=== Goal of the exercise ===
Could you give the data below again exactly, apart from the pictures?

=== Given data ===
-------------------------

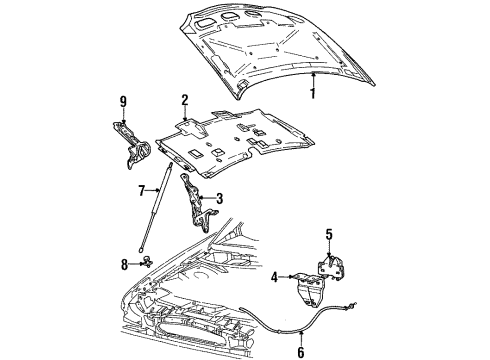 1997 Ford Taurus HOOD ASY Diagram for F6DZ-16612-A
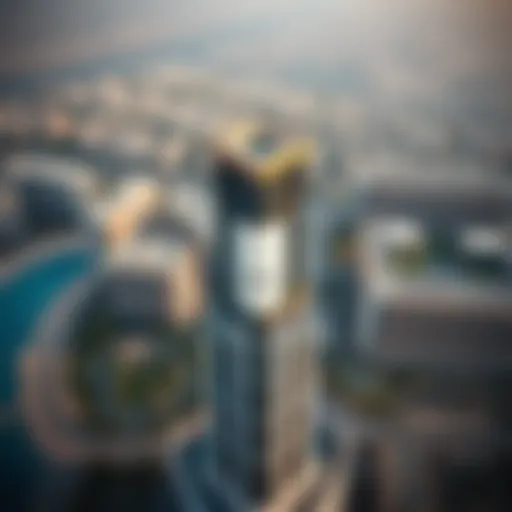 Aerial view of Volante Tower showcasing its unique architectural design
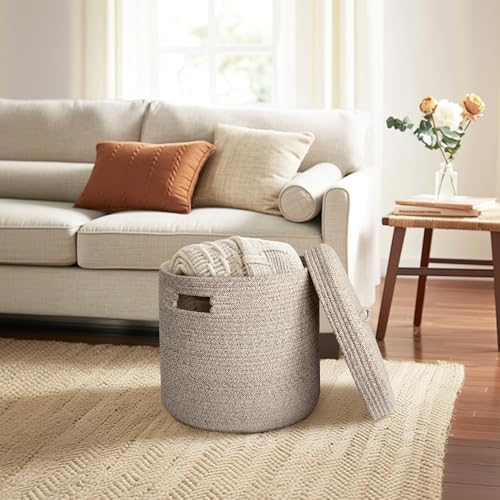 Storage Basket with Lid, Woven Blanket Storage for Living Room, Soft Cotton Rope Bin with Lid, Round Wicker Laundry Basket with Cover, Lidded Kids Dog Toy Bin, Nursery Organizer, 15" x 13" - Image 6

-------------------------

=== Finished task ===
 1997 Ford Taurus HOOD ASY Diagram for F6DZ-16612-A
 Aerial view of Volante Tower showcasing its unique architectural design
 Storage Basket with Lid, Woven Blanket Storage for Living Room, Soft Cotton Rope Bin with Lid, Round Wicker Laundry Basket with Cover, Lidded Kids Dog Toy Bin, Nursery Organizer, 15" x 13" - Image 6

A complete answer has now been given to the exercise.